The whole matter probably comes down to the right of the defendants to go to the jury on the question of the materiality of the failure of the plaintiff to volunteer information concerning his prior fire losses. Conceivably a jury might be impressed by such testimony, and if that is so, the Court would not be justified in substituting its own considerable skepticism on the subject as a reason for granting the motion.
The plaintiff cites Dinnerman v. Boston Insurance Co., 181 Misc. 703 [ 42 N.Y.S.2d 89] to sustain his argument, and it does so to this extent: a motion was granted to strike so much of an Answer as alleged failure to disclose three previous fires of an incendiary nature, and the collection of insurance losses so occasioned. The Court says that there was no affirmative duty on the part of the assured when applying for the policy, to reveal her previous fires. However, it does not appear that, in connection with the motion, affidavits such as those of the underwriters in the case at bar were before the Court. The Judge seems to have decided the question solely as one of law, probably because there was not presented to him the equivalent of a motion for summary judgment under Rule 56.

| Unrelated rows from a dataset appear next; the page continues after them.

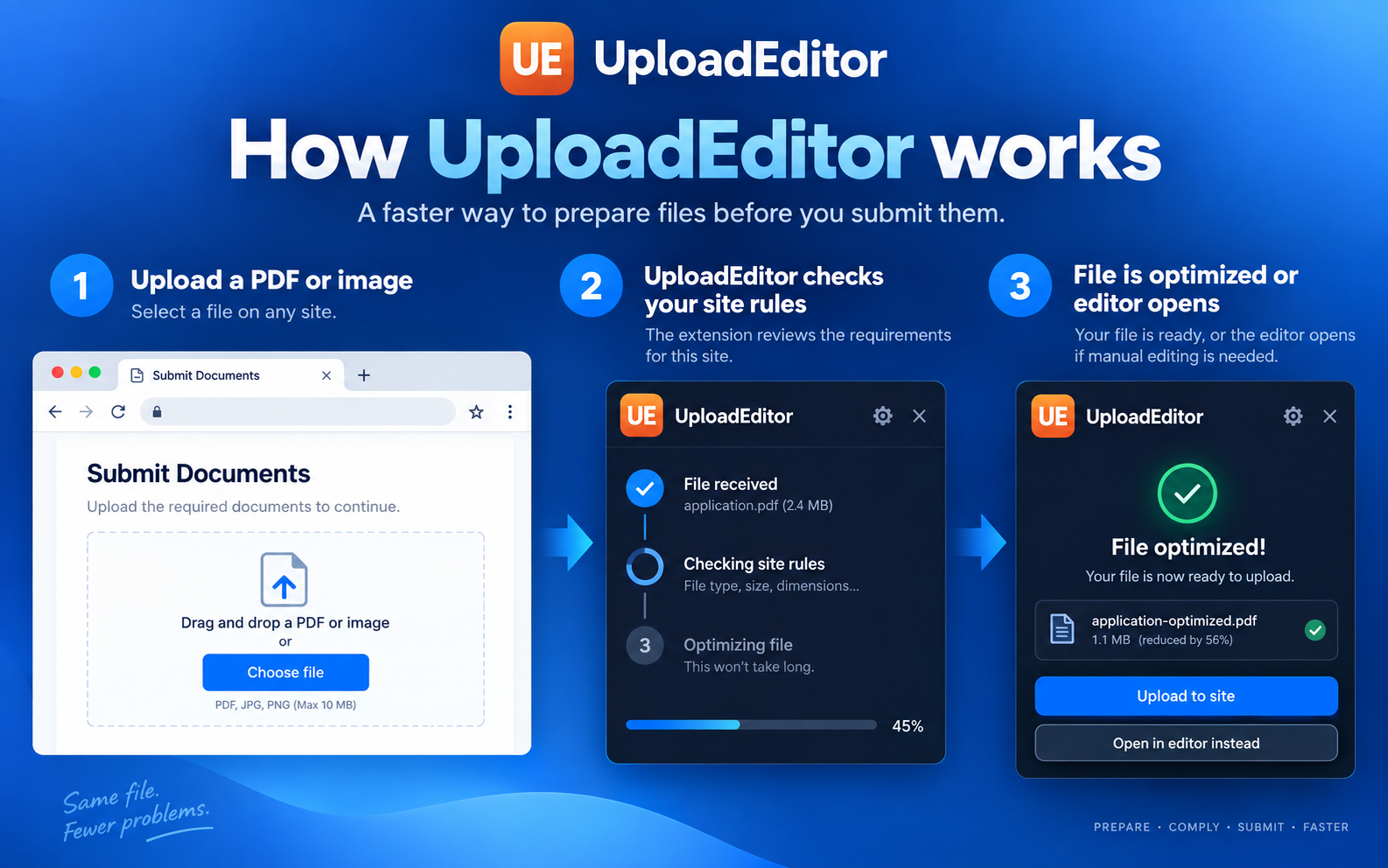 Three-step UploadEditor workflow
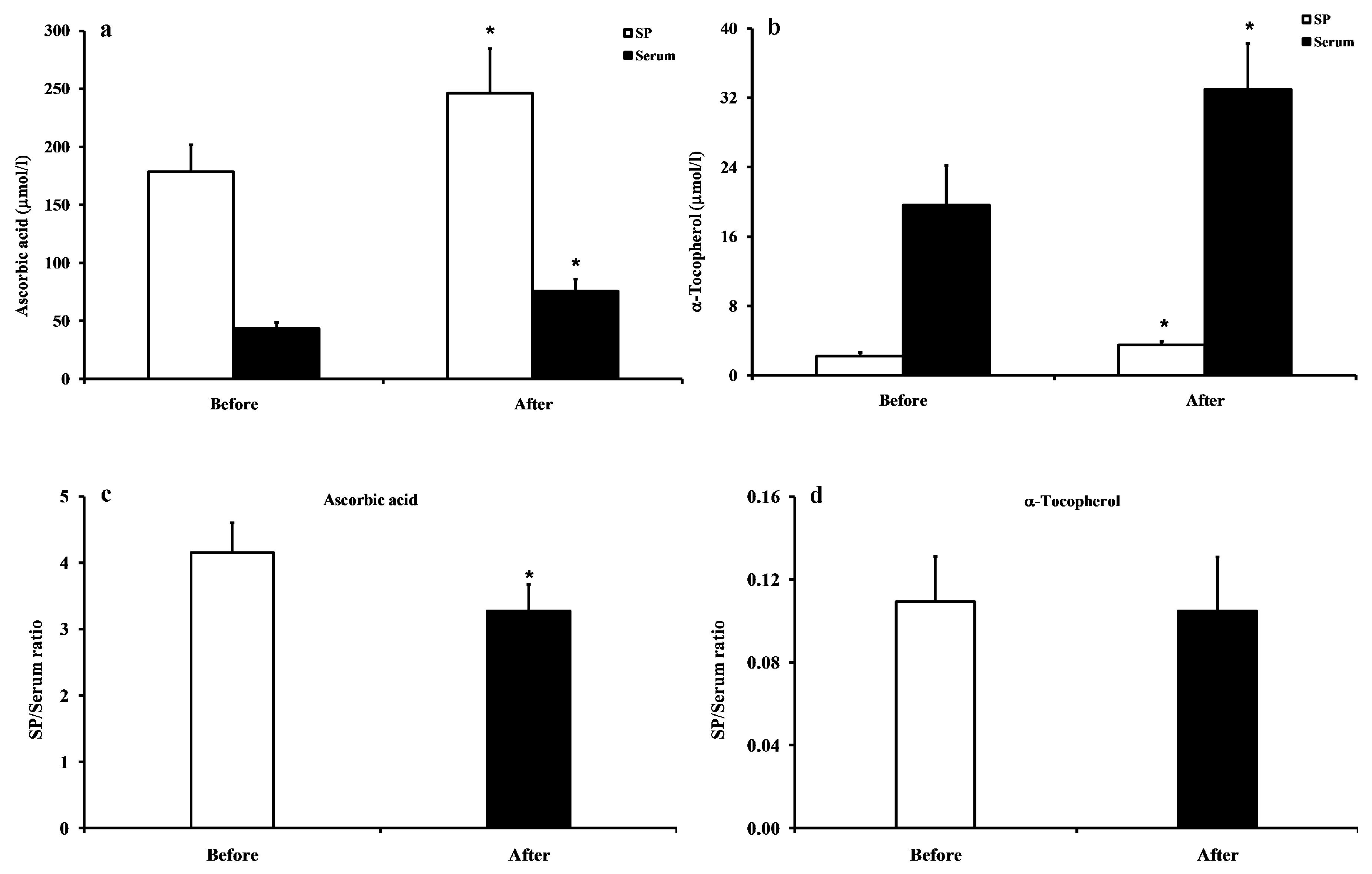 Antioxidants 08 00096 g002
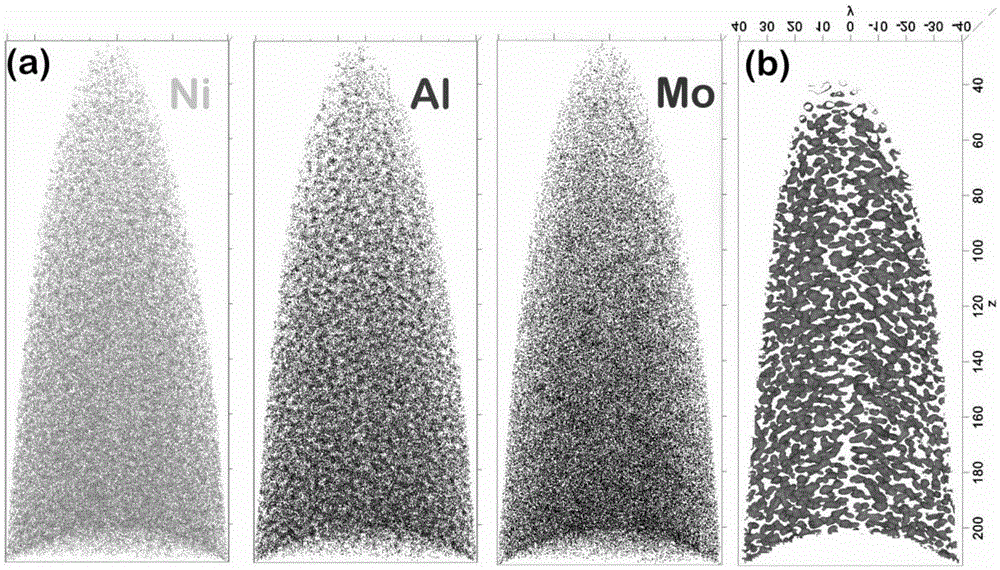 Aluminum-strengthened maraging steel and preparing method thereof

Sebring v. Fidelity-Phenix Fire Insurance Co., 255 N.Y. 382 [ 174 N.E. 761, 762] decided by the Court of Appeals in 1931, involves a failure to disclose a record of arson on the part of the insured, known to one who procured a policy for himself and the other, "as interest may appear", pending the transfer of title after a contract had been made. The Court reversed a judgment for plaintiff claiming under the policy, and directed that evidence be received at a new trial concerning the facts so known. The opinion says:
"We think reversible error was thereby committed (the ruling excluding the evidence). Defendant was entitled to prove, if it could, that the facts relating to Hubbard (the vendee) were material, that they were concealed, and that the concealment was fraudulent.

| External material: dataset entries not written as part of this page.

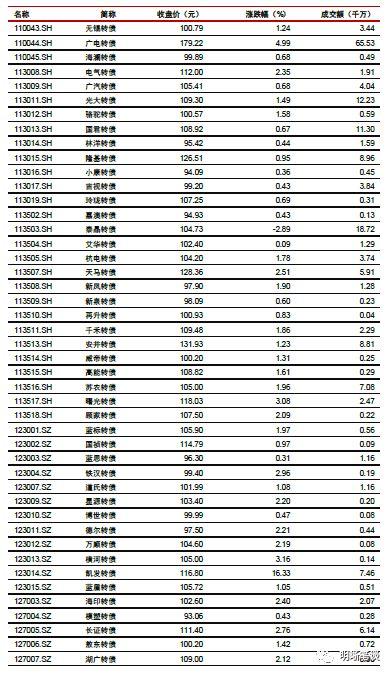 【专项债新政深度点评】虽为药引，难解根本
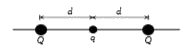 A particle of mass M and charge q is at rest at the midpoint between two other fixed similar charges each of magnitude Q placed a distance 2d apart. The system is collinear as shown in the figure. The particle is now displaced by a small amount x(x lt lt  d)  along the line joining the two charges and is left to itself. It will now oscillate about the mean position with a time period  ( epsilon0 =  permittivity of free space)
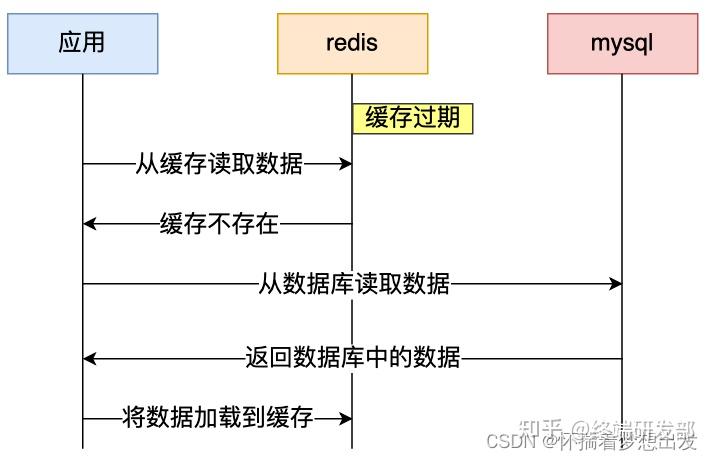 redis缓存雪崩和缓存击穿_Redis缓存雪崩及其解决方案_https://bianchenghao6.com/blog_后端_第21张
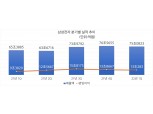삼성·LG전자, 악재 속에도 1분기 역대급 매출 기대감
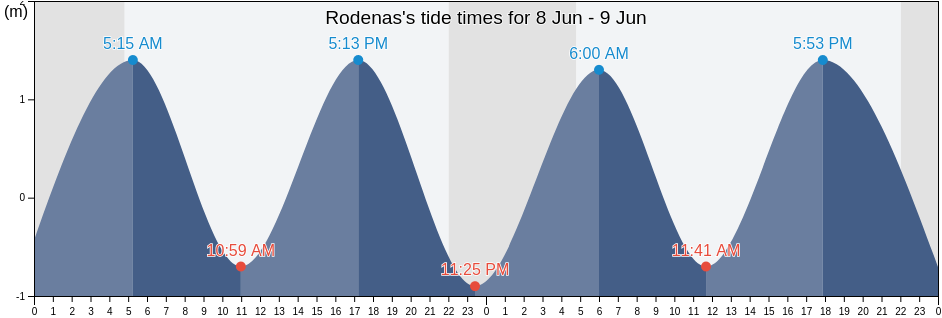 Rodenas, Schleswig-Holstein, Germany tide chart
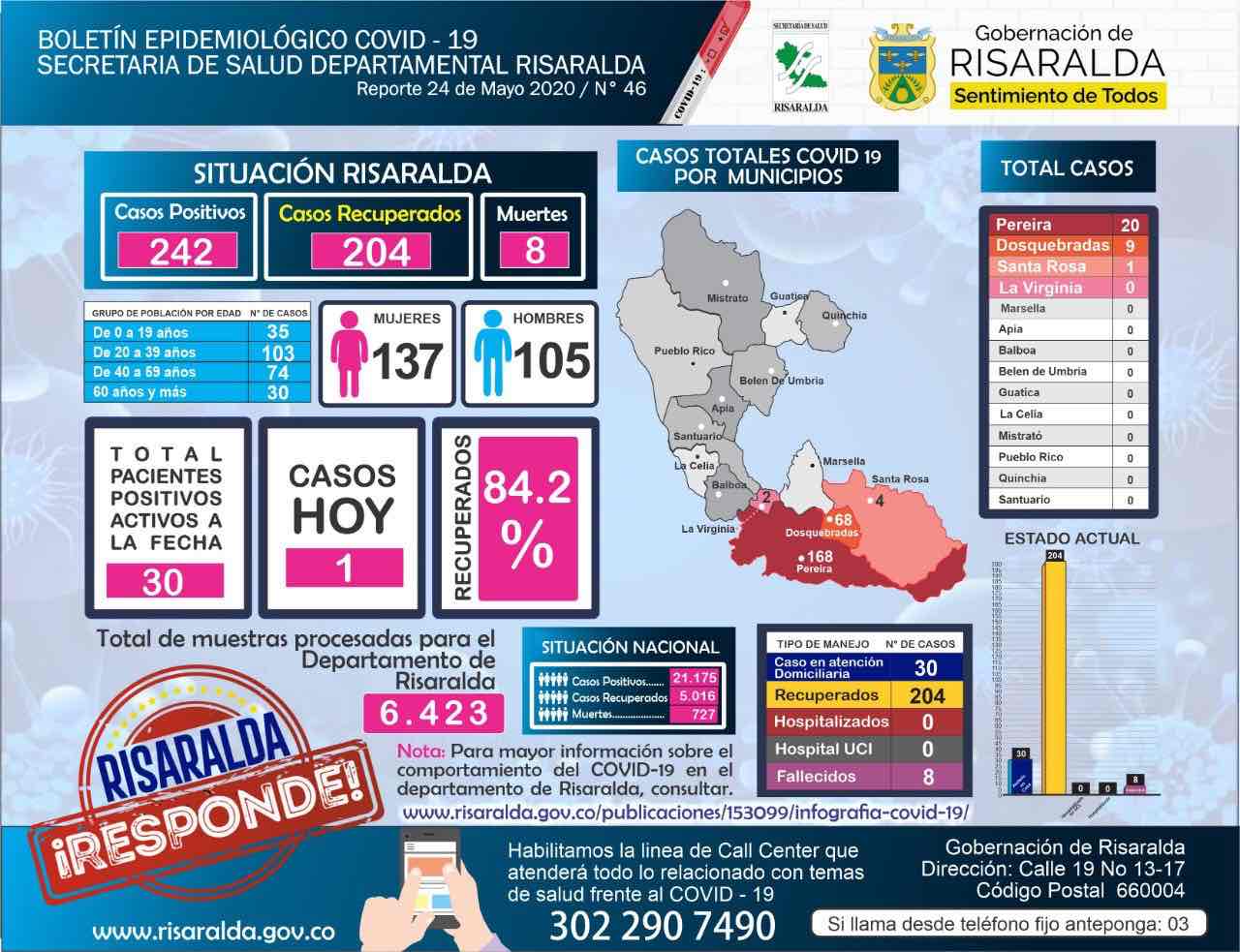 Boletín 24 de mayo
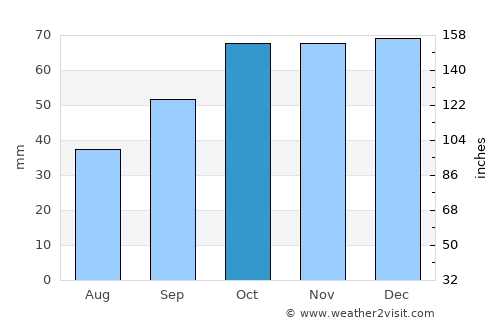 Matera average rain in October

"The question of the materiality of a representation or concealment is ordinarily for the jury (Citation). The usual test relates to the effect which knowledge of the fact would have on the making of the contract. That test is complete if such knowledge would influence the parties in making it. If the underwriter, with full information, would have refused to accept the risk, then the concealment is material. The undisclosed fact need not be of such a nature as to have increased the risk or contributed to any loss or damage. Vance on Insurance (2d Ed.) p. 347; Jefferson Ins. Co. v. Cotheal, 7 Wend. 72, 22 Am.Dec. 567."
This and the following passages in the opinion must of course be read against the setting in which they were uttered, which differs from this by a wide margin, concerning the nature of the concealment.

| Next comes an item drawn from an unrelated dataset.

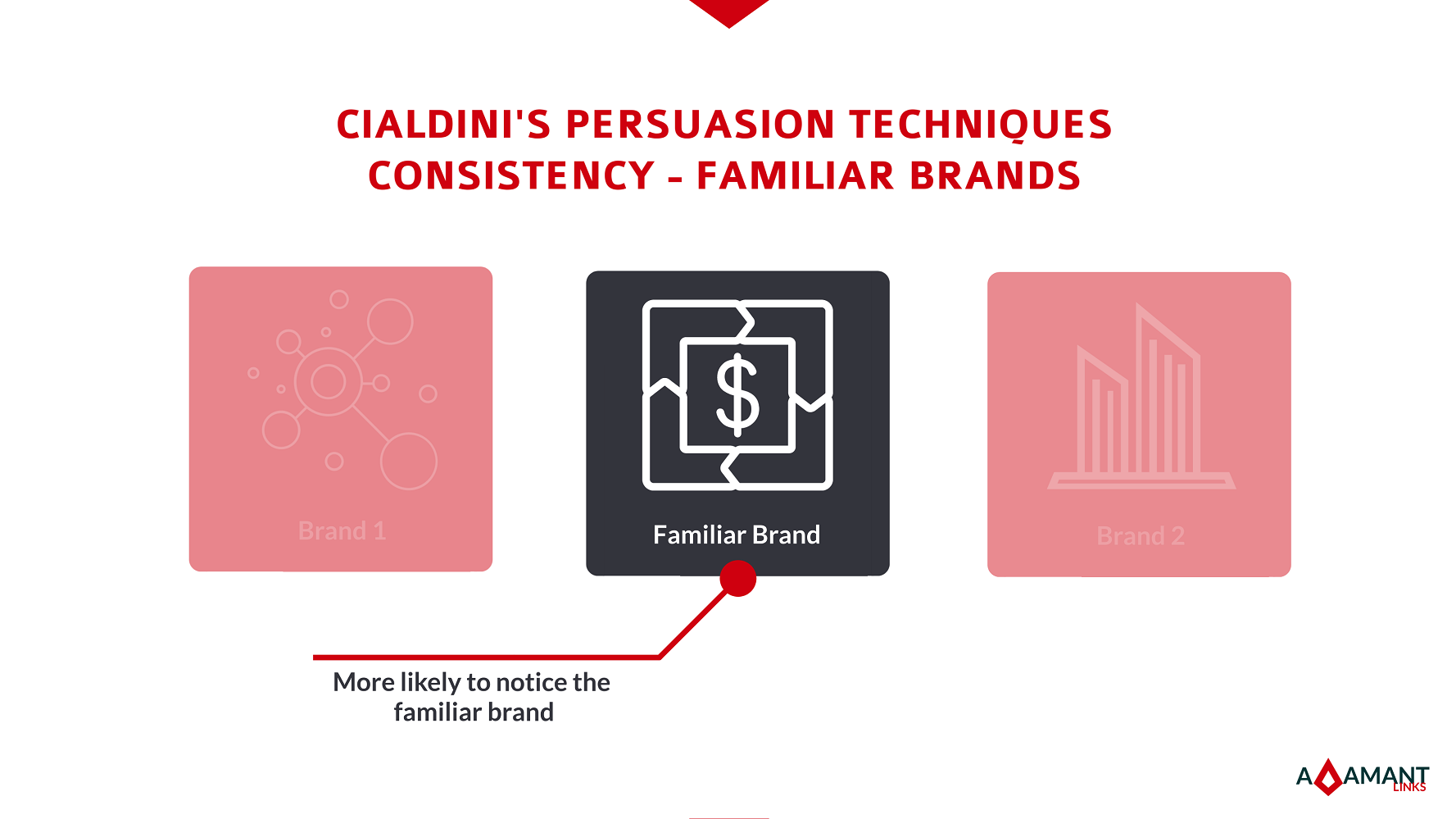 Adamant Links - Cialdini's Persuasion Techniques - Consistency: Familiar Brands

I find it hard to believe that anything in this plaintiff's prior record, save the use of a fictitious name in connection with the Vermont property, reveals anything even questionable concerning his earlier fire losses, much less a fraudulent concealment thereof, or that the new policies would not have been written if the facts had been elaborately laid bare. But it is also true that I cannot in effect declare that the affidavits of the underwriters to the contrary must be ignored. They are submitted as to so much of the motion as seeks summary judgment under Rule 56. But if that were to be granted, it would of necessity be consequent upon striking so much of the Answers as are assailed under Rule 12. It must therefore be denied.
Since it cannot be said, as to the first and third counterclaims, that they are legally innocuous, it follows that, as to them, the motion also must be denied.
As to the second counterclaim, I am of the opinion that the plaintiff's examination was closed to all intents and purposes, prior to the filing of the complaint, and that the action was therefore not premature. Springfield Fire Marine Insurance Co. v. J.T. Wilson Co., 6 Cir., 67 F.2d 426, at page 428, and as to that the motion is granted.
Settle order in accordance with the foregoing.